● What you should do
What you return must match the listing below exactly, minus any pictures.

** Opening Source material block **

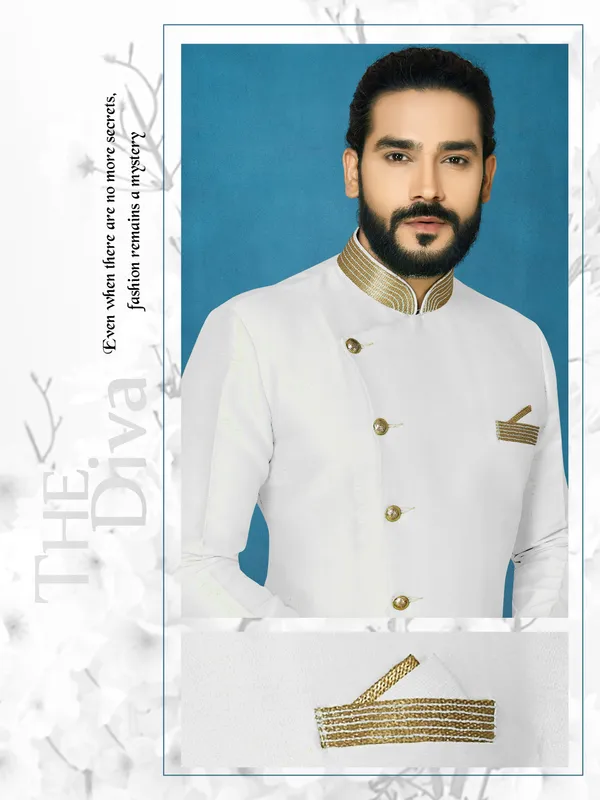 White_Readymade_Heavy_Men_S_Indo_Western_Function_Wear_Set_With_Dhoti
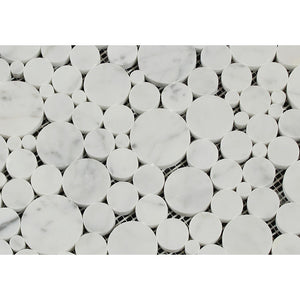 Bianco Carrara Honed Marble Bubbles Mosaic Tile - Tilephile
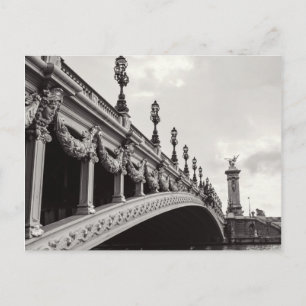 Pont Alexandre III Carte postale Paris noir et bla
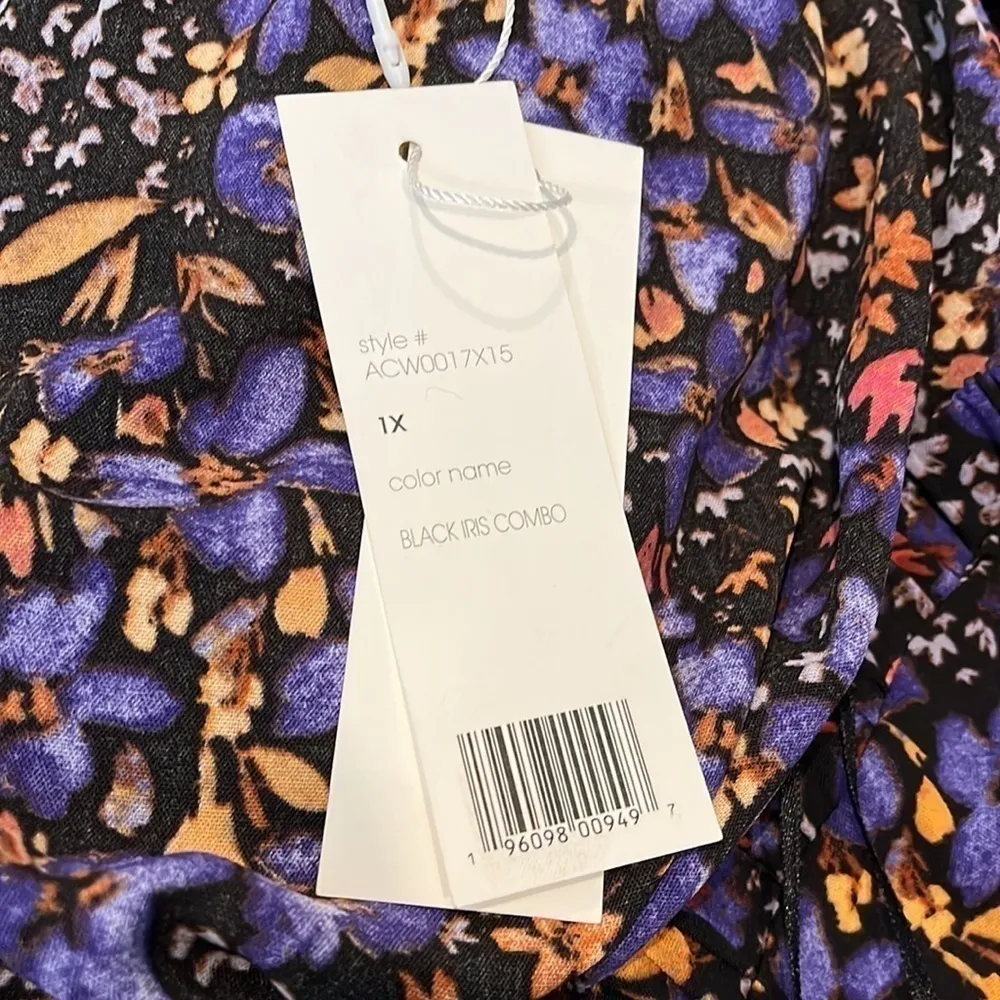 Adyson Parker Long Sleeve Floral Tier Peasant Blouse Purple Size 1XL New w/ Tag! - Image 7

** Closing Source material block **

● Result for this task
 White_Readymade_Heavy_Men_S_Indo_Western_Function_Wear_Set_With_Dhoti
 Bianco Carrara Honed Marble Bubbles Mosaic Tile - Tilephile
 Pont Alexandre III Carte postale Paris noir et bla
 Adyson Parker Long Sleeve Floral Tier Peasant Blouse Purple Size 1XL New w/ Tag! - Image 7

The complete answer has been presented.